El exagente ha comparecido por primera vez ante la corte presidida por la juez Jeannice Jenkins, que le ha impuesto la millonaria cantidad, con la opción de reducirla a un millón bajo ciertas condiciones.

La magistrada estableció que para poder optar a una reducción en su fianza, Chauvin deberá comprometerse a cumplir con la ley, comparecer ante la corte, no trabajar para las fuerzas de seguridad o seguridad privada, renunciar a las armas de fuego y cualquier permiso de armas, no abandonar el estado de Minesota y no tener contacto con la familia de George Floyd.

Ni el acusado ni su abogado, Eric Nelson, han puesto objeciones a la fianza ni a las condiciones impuestas en la vista judicial, que ha durado aproximadamente 15 minutos.

Chauvin se ha presentado telemáticamente ante el juez desde la prisión de Oak Park Heighs, donde se encuentra encerrado acusado de asesinato en segundo grado por asfixiar durante nueve minutos a George Floyd.

La vista se ha producido cinco días después de que el fiscal general del estado de Minesota, Keith Ellison, endureciera los cargos contra Chauvin e incluyera en el caso a los otros tres exagentes presentes en la escena.

Chauvin y otros tres agentes detuvieron a George Floyd por usar un billete falso en un supermercado.
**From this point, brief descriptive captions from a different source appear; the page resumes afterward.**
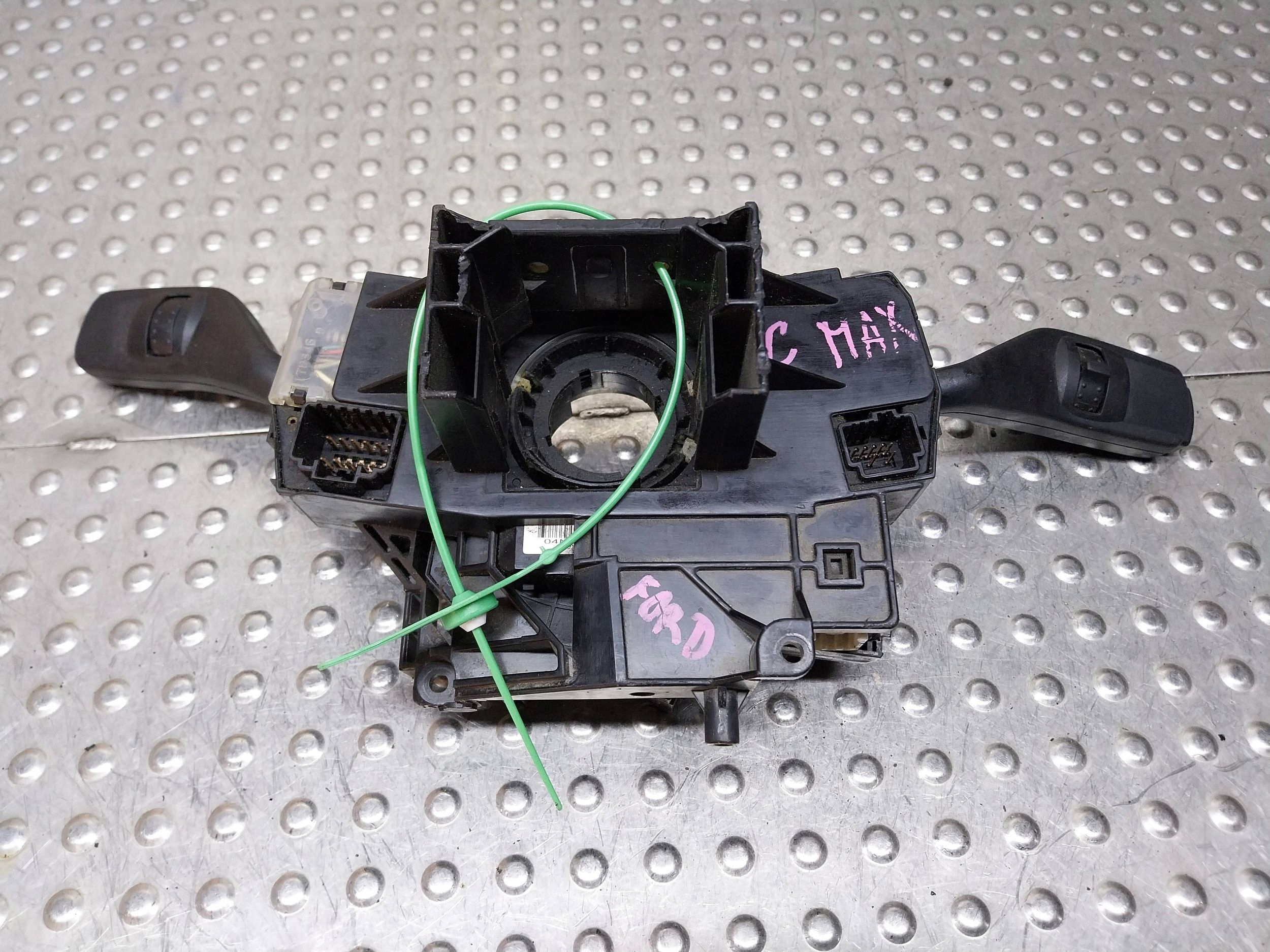 DEVIO LUCI TERGICRISTALLO TERGI 4M5T-14A664-AB FORD FOCUS MK2 C-MAX MK1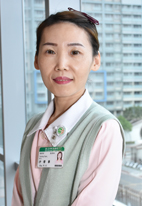 秉持著「視病猶親」的態度    照顧每位透析病人(相關圖片)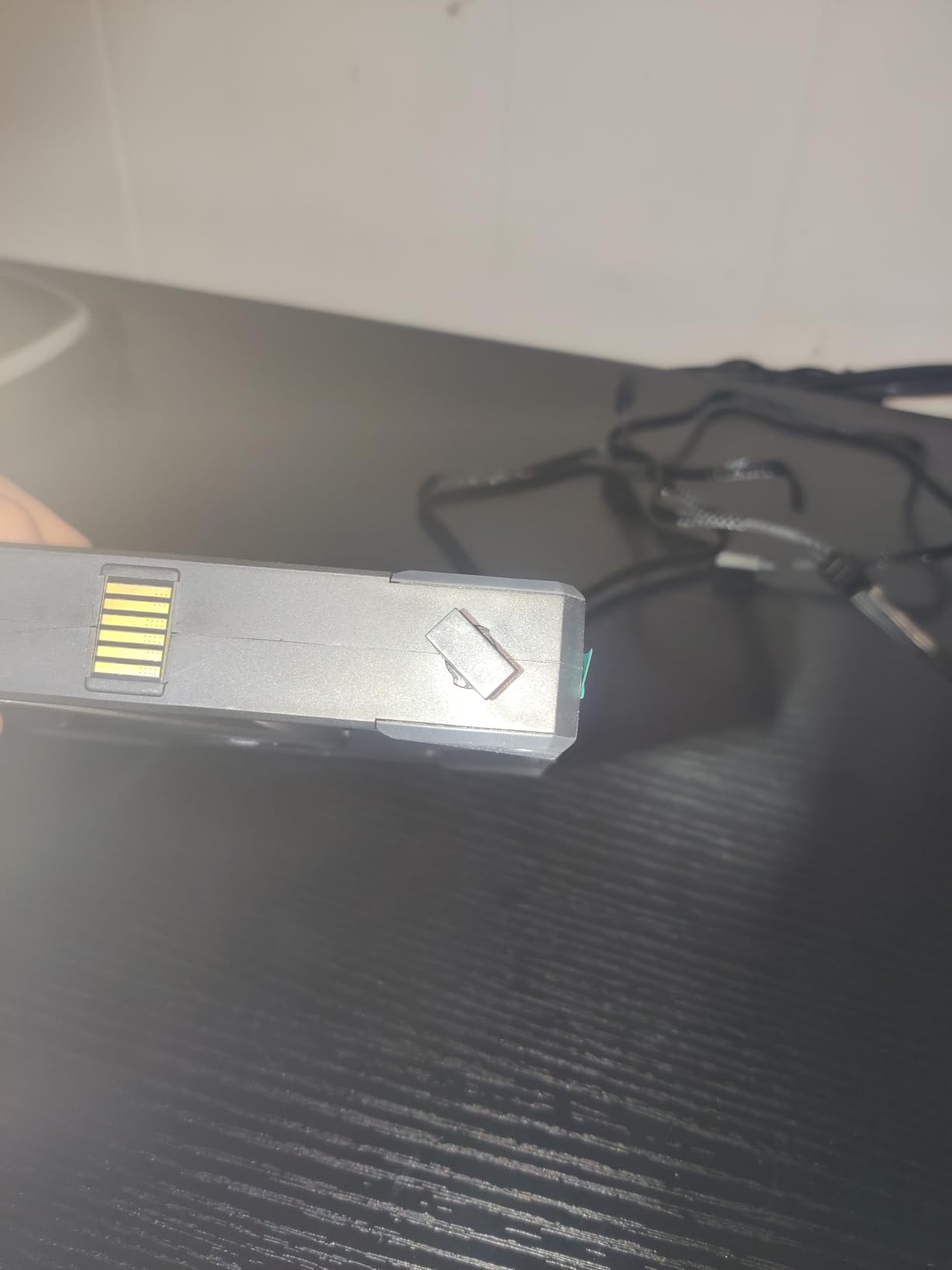 Lian Li UNI Fan SL-Infinity 140 Single Pack, Non-Wireless, ARGB, Infinity Mirror, Daisy-Chain Design customer photo 2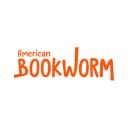 American Bookworm logo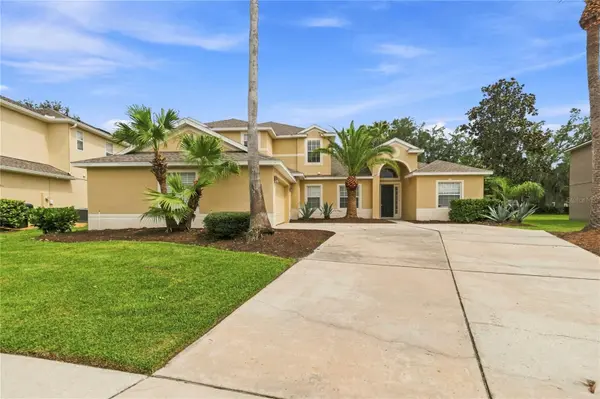 3469 FOREST RIDGE LN, Kissimmee, FL 34741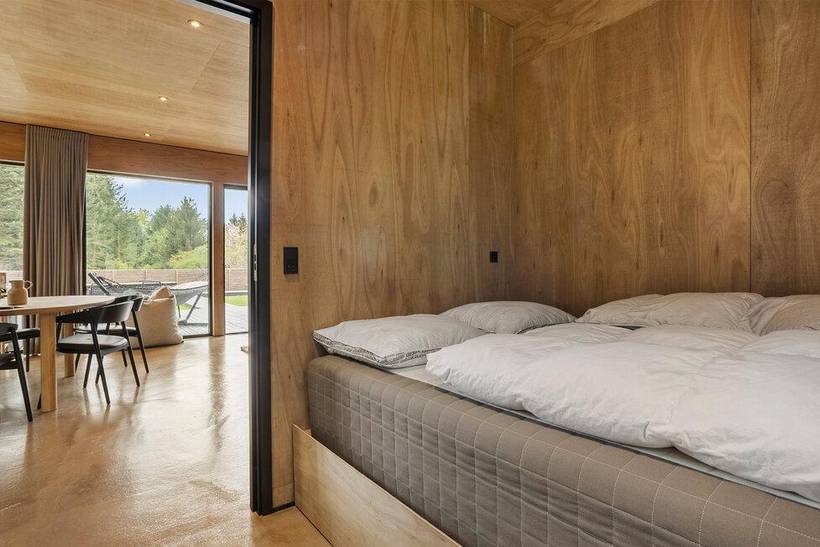 Foto von Ferienhaus OA50 in Fuglslev - Ebeltoft - Ostjütland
Todos defendieron que Floyd opuso resistencia cuando se disponían a detenerle en su coche y justificaron así la violencia empleada. Sin embargo, otras imágenes también demuestran que la víctima no opuso resistencia a la autoridad cuando fue interceptado.

Testigos de lo ocurrido imploraron incluso a uno de los agentes para que dejase respirar al hombre tendido en el suelo. "Quítale la rodilla del cuello, comprueba su pulso. No está respirando, ¡comprueba su pulso!", le pedían mientras Floyd moría asfixiado.

Chauvin llevaba 19 años trabajando para la Policía de Minneapolis y fue destituido cuando se confirmó la muerte de Floyd. El resto de agentes implicados en la detención llevaban menos de tres años en el departamento y fueron despedidos al día siguiente.

Protestas en todo el mundo

La oleada mundial antirracista desatada tras el asesinato de Floyd es única: las protestas no solo retumban en EEUU, testigo de las concentraciones más importantes en el país desde el asesinato en 1968 del líder de los derechos civiles Martin Luther King, sino que se han extendido por todo el mundo.

En Berlín se han realizado numerosas manifestaciones donde se ha podido ver los puños en alto como protesta. En Budapest la protesta ha surgido en forma de un escrupuloso silencio de nueve minutos. En Roma, sin embargo, miles de personas han hincado la rodilla.

La indignación por la muerte de Floyd ha movilizado a la comunidad negra, pero también a la blanca. Incluso las protestas han llegado a España, donde en plena crisis por coronavirus miles de personas han clamado contra el racismo.